I have been studying how debuggers work and studying assembly output of compilers in debug mode. One thing I noticed is that they seem to reload registers at every single line, even if no code could possibly change the value:
// push rbp
// mov rbp, rsp
// mov DWORD PTR [rbp-20], edi
int square(int x) {
// mov eax, DWORD PTR [rbp-20]
// mov DWORD PTR [rbp-4], eax
int result = x;
// mov eax, DWORD PTR [rbp-4]
// imul eax, DWORD PTR [rbp-20]
// mov DWORD PTR [rbp-4], eax
result *= x;
// mov eax, DWORD PTR [rbp-4]
return result;
// pop rbp
// ret
}
In example above, we can see that x = edi = [rbp-20] and result = eax = [rbp-4]. Between the lines result *= x; and return result; the compiler stores result on the stack only to immediately load it again.
Is this behavior only to facilitate debuggers, so that they work correctly if I set a breakpoint at return result; and modify it, or is there some other reason for it?
If I turn on optimisations, the entire function becomes just imul edi, edi; mov eax, edi; ret; but the debugger jumps over most lines.
The same behavior and equivalent assembly can be seen for all compilers and architectures (GCC/Clang/MSVC, x86/ARM/RISC-V).
There is no such thing as a "debug mode" for compiler.
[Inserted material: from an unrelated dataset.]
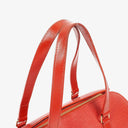 Louis Vuitton Soufflot Handbag In Red Epi Leather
What you are talking about is compilation with optimizations turned off (-O0 for GCC/Clang). Sometimes it is conflated with debug because optimizations tend to mess with debugging experience - the more optimizations are done the harder it is to map resulting code back to the original source (and harder to recover local variables state during debugging from CPU and memory state).
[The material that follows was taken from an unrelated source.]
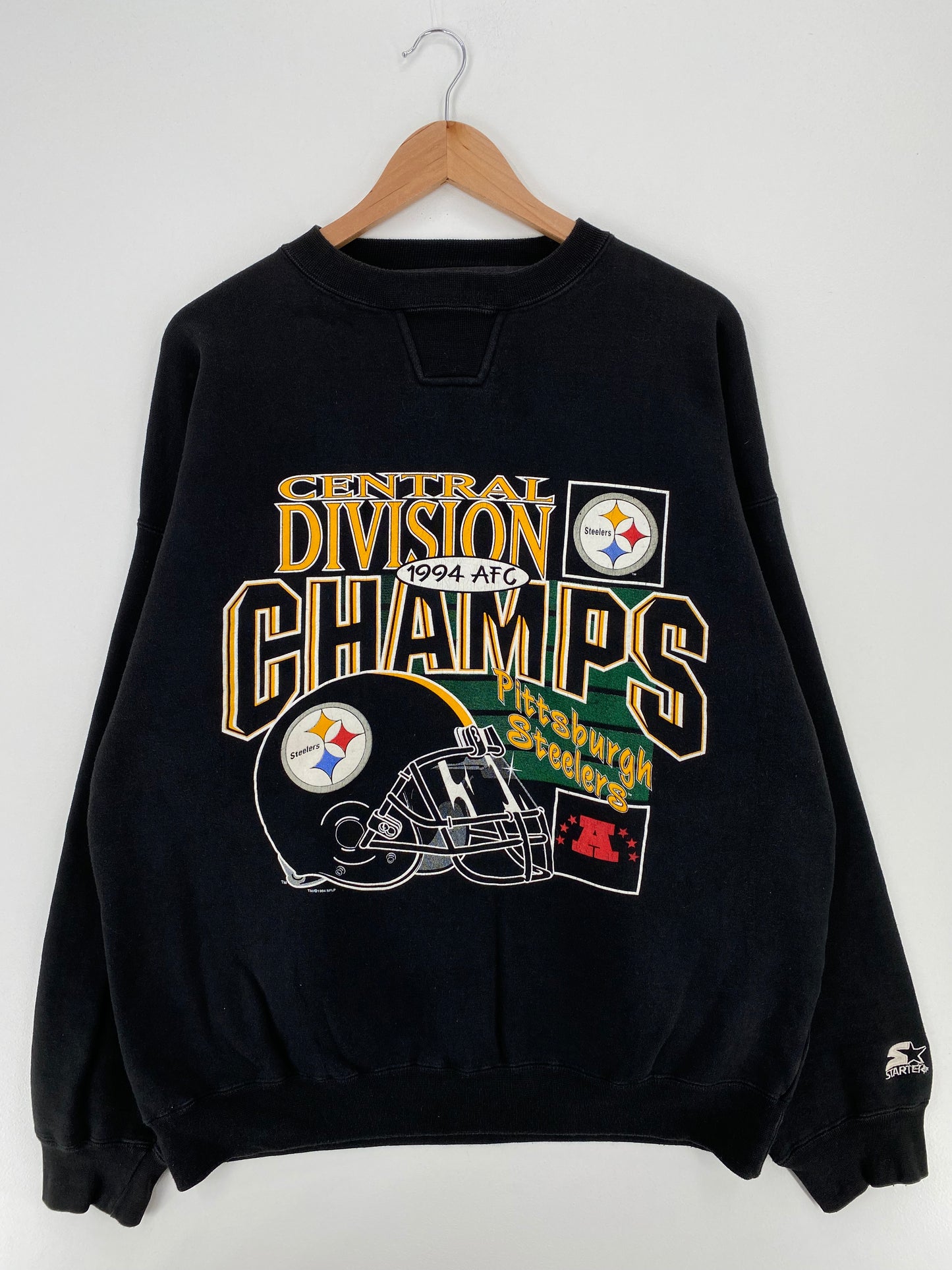 1994 STARTER x PITTSBURGH STEELERS Made in USA Size XL Vintage NFL Sweat-shirt / A2133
Compilers usually start by translating C into pseudocode (intermediate representations) in the simplest way possible, and that results in such unoptimal code you see. Compiler would then apply numerous optimization passes to clean that up and remove inefficiencies, but -O0 disables almost all of that. To answer your question: NO, compilers are not forced to reload registers for each statement; it is just a byproduct of the compilers' usual architecture.
Compiler authors has long recognized a need for some middle ground between full-fledged optimization hell of -O2 and blabbering inefficiency of -O0, and at least GCC and Clang offer -Og optimization level which is specifically designed to be debugger-friendly. For your particular example, the resulting code is exactly the same three instructions as in fully optimized case. However - and this is both funny and tragic - the gdb behaviour does change between the code optimized to -Og (where it skips first line but steps through the rest) and -O2 (where it does skip multiplication completely like you pointed out). Same exact machine code yet different behaviour, because the compiler emitted more debugging information for -Og mode... Not sure why, but I suspect some optimization passes in -O2 might've destroyed some of that information somewhere during IR transformations even though they didn't result in any machine code changes.